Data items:

- Opening Delimiter -

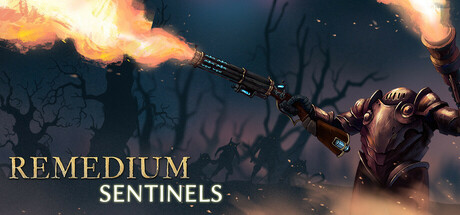 REMEDIUM: Sentinels cover
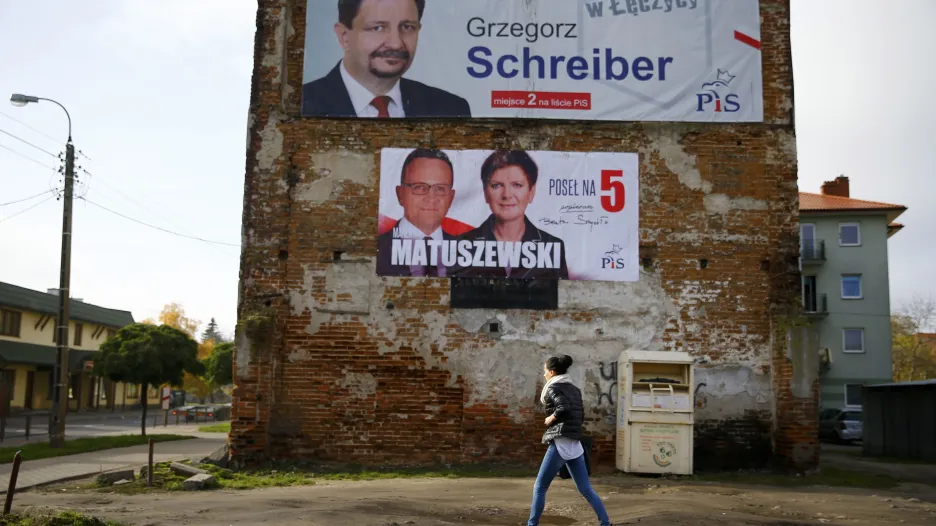 Polsko čeká výrazná změna kurzu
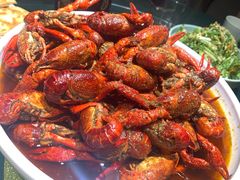 -叶派龙虾•招牌香辣蟹·海鲜(中海国际店)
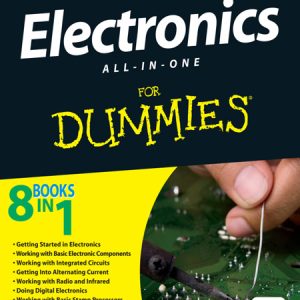 کتاب Electronics All-in-One For Dummies 8 Books in 1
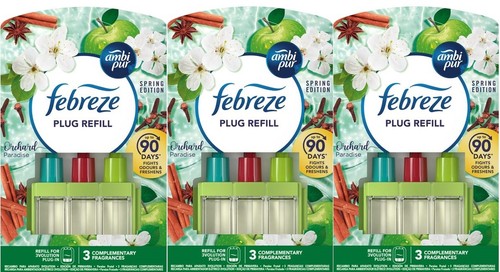 Ambi pur febreze - pur, 3volution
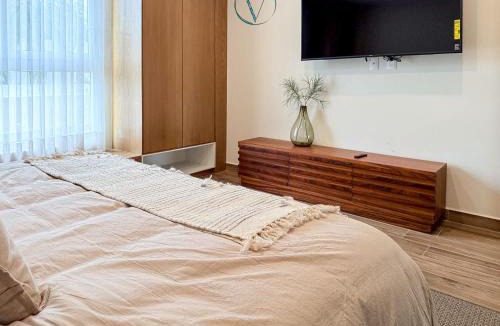 Bucerias Apartment | Wake Up to the Ocean Naarena Escape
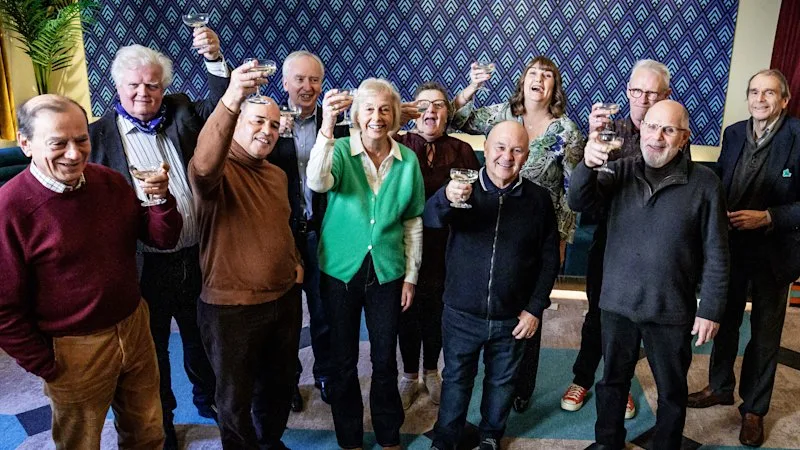 This doco was supposed to be a one-off. Six decades later, it’s coming to an end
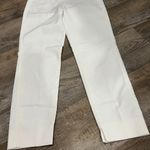 ZARA  white dress pants 4 Photo 4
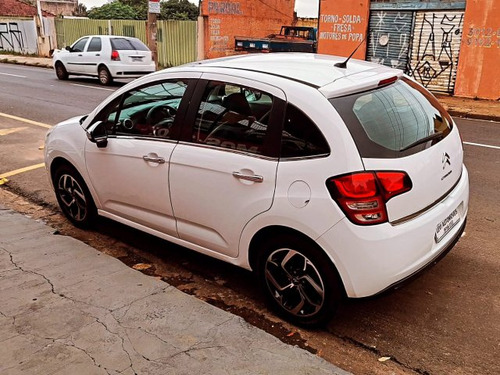 Citroën C3 C3 1.6 EXCLUSIVE 16V FLEX 4P AUTOMÁTICO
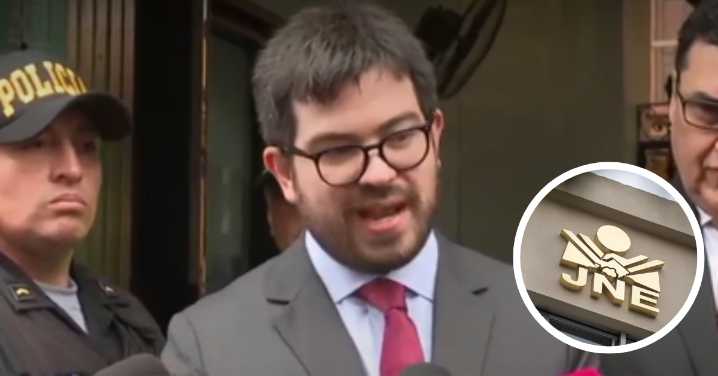Caso Unidad Popular: JNE presenta demanda competencial contra Poder Judicial ante el Tribunal Constitucional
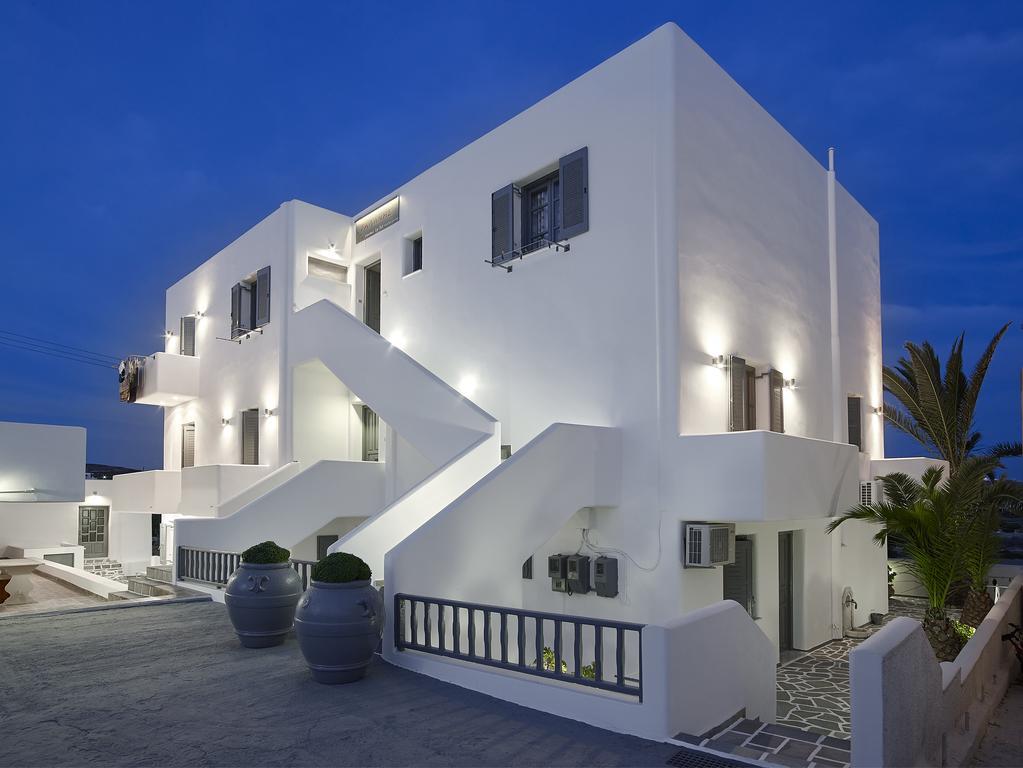 Galanis Rooms Адамас Экстерьер фото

- Closing Delimiter -

What to do:
A word-for-word transcription of the entries above, free of images, is what is wanted.

Response box:
 REMEDIUM: Sentinels cover
 Polsko čeká výrazná změna kurzu
 -叶派龙虾•招牌香辣蟹·海鲜(中海国际店)
 کتاب Electronics All-in-One For Dummies 8 Books in 1
 Ambi pur febreze - pur, 3volution
 Bucerias Apartment | Wake Up to the Ocean Naarena Escape
 This doco was supposed to be a one-off. Six decades later, it’s coming to an end
 ZARA  white dress pants 4 Photo 4
 Citroën C3 C3 1.6 EXCLUSIVE 16V FLEX 4P AUTOMÁTICO
Caso Unidad Popular: JNE presenta demanda competencial contra Poder Judicial ante el Tribunal Constitucional
 Galanis Rooms Адамас Экстерьер фото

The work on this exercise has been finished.